A really good plan upfront makes it much easier to do the job later in the most efficient and productive manner.

An interesting snippet of history is that the world’s first nuclear reactor was built in a squash court at the University of Chicago in 1942. It was built out of a pile of graphite bricks, rope, pipes and a few other goodies. In the early years, reactors were called nuclear piles. The first pile was built by only a handful of people but they really knew what they were doing – they had a top-notch plan! Thankfully for them, the university authorities did not know what these brainy mavericks were up to. Imagine building your own nuclear reactor by hand in your own backyard today!

Another real necessity in business today is to know what you are selling. Everyone is ‘selling’ something, maybe it is your letter-writing skills or organisational skills, or ability to survive a crisis. But now, let us allow our minds to drift for a moment. Consider the question: What does Revlon sell? Think about it.

Okay, who said cosmetics? Okay, not wrong, but let us think more fundamentally: what do they really sell? Did someone say chemicals, or creams, or waxes, or colourants? Again not wrong, but what Revlon really sells is hope. Think about it for a moment.

That is why the jar of night cream is a beautiful object – with gold lettering and frosted glass, and it is small. The lady is buying a well-packaged dream. She is buying ‘I want to look better after I use this’. You do not buy night cream in special 20 kg discount packs in no-name brand packaging at the supermarket. Wrong image, even if it works. Just as well. Not only must the company know exactly what it ‘sells’ – a dream, and not a cream – but each individual employee must also know what he or she actually sells and to whom. Who is your customer?
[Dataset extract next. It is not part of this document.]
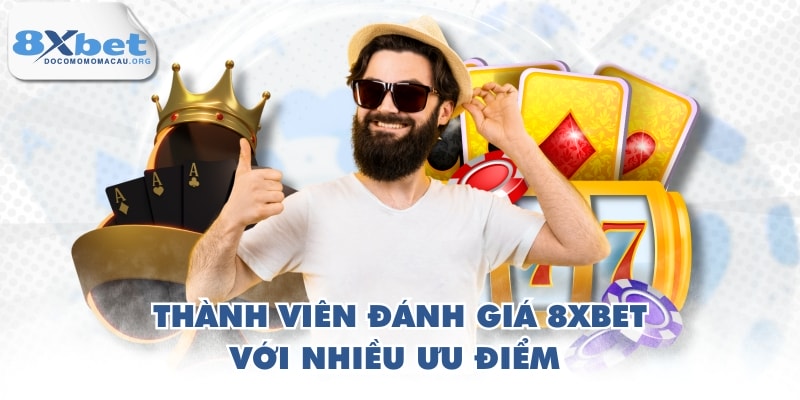 Thành viên đánh giá 8XBET với nhiều ưu điểm 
Who is the customer of the man spray-painting cars on a production line? No, it is not the person who buys the car. That person is the customer of the retail company. The customer of the spray painter is the quality control inspector at the end of that particular section of the production line. He is the one that the spray painter has to keep happy. He is the one who accepts or rejects the work. In any company, no matter how large or small, there are many ‘customers’, many ‘products to sell’ and a variety of technology strategies to achieve those goals.

Technology, strategy and business planning are for everyone. Not only the boss.